Congrats on your victory Royal! And snowboard rails are made of metal so....


----------



## jettgillis (Dec 9, 2020)

lab49232 said:


> Congrats on your victory Royal! And snowboard rails are made of metal so....


yeah i thought so, just wanted to make sure it wouldn’t mess anything up.


----------



## phillyphan (Sep 22, 2016)

I'd wrap the metal in carpet first and then practice your board slides. Much softer.....


----------



## jettgillis (Dec 9, 2020)

phillyphan said:


> I'd wrap the metal in carpet first and then practice your board slides. Much softer.....

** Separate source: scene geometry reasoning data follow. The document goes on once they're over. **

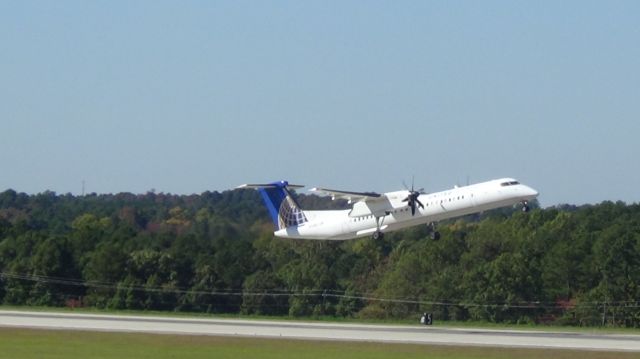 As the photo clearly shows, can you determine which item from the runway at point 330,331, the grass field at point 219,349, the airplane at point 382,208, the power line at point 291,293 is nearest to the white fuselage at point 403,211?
the airplane at point 382,208

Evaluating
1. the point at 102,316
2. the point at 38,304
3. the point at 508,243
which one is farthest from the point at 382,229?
the point at 508,243

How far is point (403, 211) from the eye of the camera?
78.2 m

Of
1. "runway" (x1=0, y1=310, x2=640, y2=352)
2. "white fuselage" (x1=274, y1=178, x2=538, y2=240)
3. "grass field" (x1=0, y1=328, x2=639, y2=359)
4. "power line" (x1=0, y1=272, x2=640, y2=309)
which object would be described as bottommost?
"grass field" (x1=0, y1=328, x2=639, y2=359)

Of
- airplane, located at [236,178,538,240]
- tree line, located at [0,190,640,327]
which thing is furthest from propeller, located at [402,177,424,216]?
tree line, located at [0,190,640,327]

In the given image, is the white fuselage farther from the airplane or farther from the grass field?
the grass field

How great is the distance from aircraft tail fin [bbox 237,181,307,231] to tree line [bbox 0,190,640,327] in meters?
18.8

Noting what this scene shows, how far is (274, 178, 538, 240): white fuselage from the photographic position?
72312mm

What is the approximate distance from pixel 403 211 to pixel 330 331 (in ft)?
42.8

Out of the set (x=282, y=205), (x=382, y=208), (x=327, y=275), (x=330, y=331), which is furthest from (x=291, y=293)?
(x=330, y=331)

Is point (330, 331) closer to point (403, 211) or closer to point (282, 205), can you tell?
point (403, 211)

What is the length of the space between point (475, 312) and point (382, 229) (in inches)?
1000

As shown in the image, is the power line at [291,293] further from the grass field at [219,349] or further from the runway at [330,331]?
the grass field at [219,349]

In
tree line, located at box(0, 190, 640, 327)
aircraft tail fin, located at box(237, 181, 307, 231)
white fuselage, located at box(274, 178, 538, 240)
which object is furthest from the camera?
tree line, located at box(0, 190, 640, 327)

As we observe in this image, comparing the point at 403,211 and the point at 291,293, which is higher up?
the point at 403,211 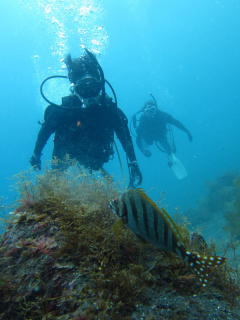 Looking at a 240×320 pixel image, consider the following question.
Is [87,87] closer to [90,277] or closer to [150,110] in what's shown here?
[90,277]

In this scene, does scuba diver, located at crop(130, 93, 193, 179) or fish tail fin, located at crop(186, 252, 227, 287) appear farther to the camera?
scuba diver, located at crop(130, 93, 193, 179)

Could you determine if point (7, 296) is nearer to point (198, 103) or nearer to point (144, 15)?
point (144, 15)

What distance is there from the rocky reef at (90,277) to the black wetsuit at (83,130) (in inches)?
130

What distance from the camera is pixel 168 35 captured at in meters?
126

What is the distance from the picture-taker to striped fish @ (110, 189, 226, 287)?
1421mm

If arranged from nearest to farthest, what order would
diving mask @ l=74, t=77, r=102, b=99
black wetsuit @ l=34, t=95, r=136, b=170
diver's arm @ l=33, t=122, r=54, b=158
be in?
diving mask @ l=74, t=77, r=102, b=99 < black wetsuit @ l=34, t=95, r=136, b=170 < diver's arm @ l=33, t=122, r=54, b=158

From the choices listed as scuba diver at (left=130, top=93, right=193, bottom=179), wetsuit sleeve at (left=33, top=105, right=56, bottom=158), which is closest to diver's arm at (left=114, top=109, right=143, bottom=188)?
wetsuit sleeve at (left=33, top=105, right=56, bottom=158)

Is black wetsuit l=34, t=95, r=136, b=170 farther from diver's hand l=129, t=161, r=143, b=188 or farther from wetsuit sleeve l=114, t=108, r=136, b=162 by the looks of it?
diver's hand l=129, t=161, r=143, b=188

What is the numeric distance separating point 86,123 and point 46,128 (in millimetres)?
1412

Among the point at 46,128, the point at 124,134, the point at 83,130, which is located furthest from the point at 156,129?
the point at 46,128

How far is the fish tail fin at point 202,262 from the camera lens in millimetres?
1421

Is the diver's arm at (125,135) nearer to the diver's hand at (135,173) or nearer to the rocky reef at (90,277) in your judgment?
the diver's hand at (135,173)

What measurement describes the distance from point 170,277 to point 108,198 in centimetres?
145

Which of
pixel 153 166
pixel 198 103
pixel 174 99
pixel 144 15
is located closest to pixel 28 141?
pixel 153 166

does it still slide though?


----------



## phillyphan (Sep 22, 2016)

Give it a try and see....... I was just joking around. Lab is correct.


----------



## jettgillis (Dec 9, 2020)

phillyphan said:


> Give it a try and see....... I was just joking around. Lab is correct.

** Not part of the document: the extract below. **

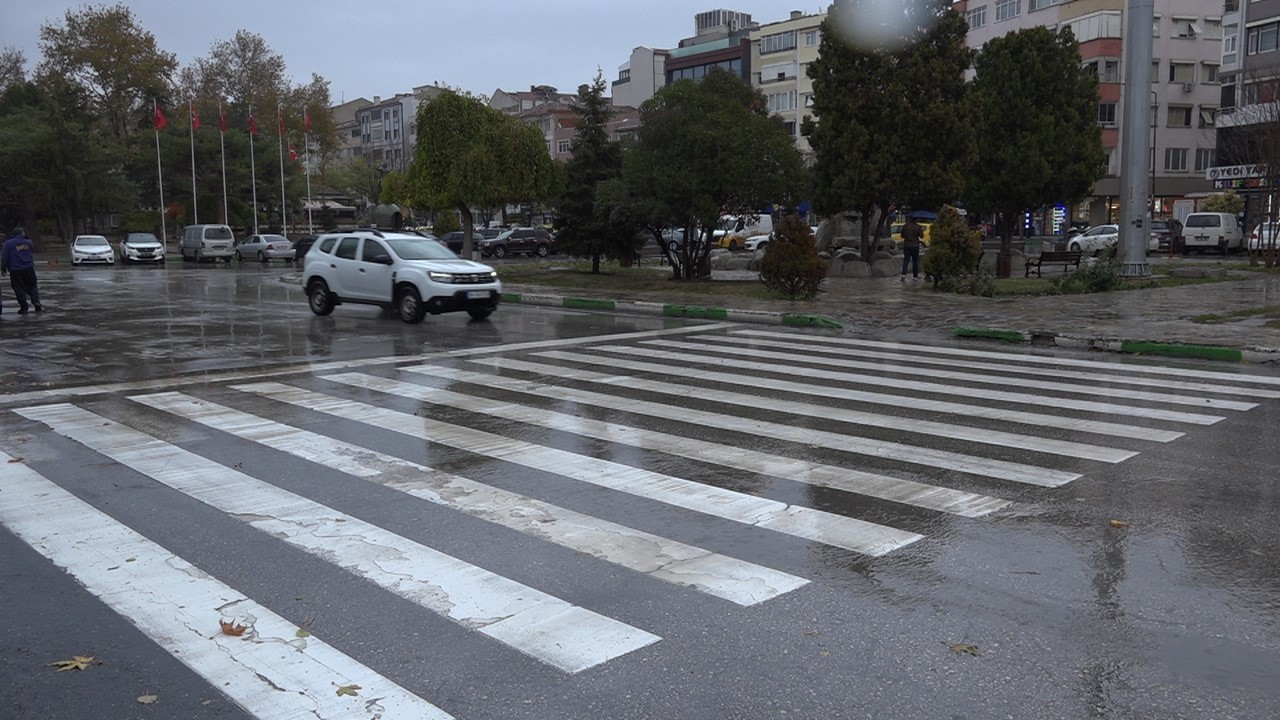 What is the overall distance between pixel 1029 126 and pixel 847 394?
958 inches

haha i was gonna say. but what do i do for landing tho, since the only landing i have is concrete. should i use rug for the landing? or astroturf?


----------



## phillyphan (Sep 22, 2016)

jettgillis said:


> haha i was gonna say. but what do i do for landing tho, since the only landing i have is concrete. should i use rug for the landing? or astroturf?


Something that won't slip on the concrete when you land. If you put a rug, turf, etc down put a rubber mat that you'd place under a rug to keep it in place.


----------



## smellysell (Oct 29, 2018)

jettgillis said:


> haha i was gonna say. but what do i do for landing tho, since the only landing i have is concrete. should i use rug for the landing? or astroturf?


Snow

Sent from my Pixel 3 XL using Tapatalk


----------



## jettgillis (Dec 9, 2020)

smellysell said:


> Snow
> 
> Sent from my Pixel 3 XL using Tapatalk


dawg i don’t have snow that’s why i’m asking


----------



## smellysell (Oct 29, 2018)

jettgillis said:


> dawg i don’t have snow that’s why i’m asking


I know, I'm just fucking with ya! [emoji23]

Sent from my Pixel 3 XL using Tapatalk


----------



## jettgillis (Dec 9, 2020)

smellysell said:


> I know, I'm just fucking with ya! [emoji23]
> 
> Sent from my Pixel 3 XL using Tapatalk


smh bro hahaha


----------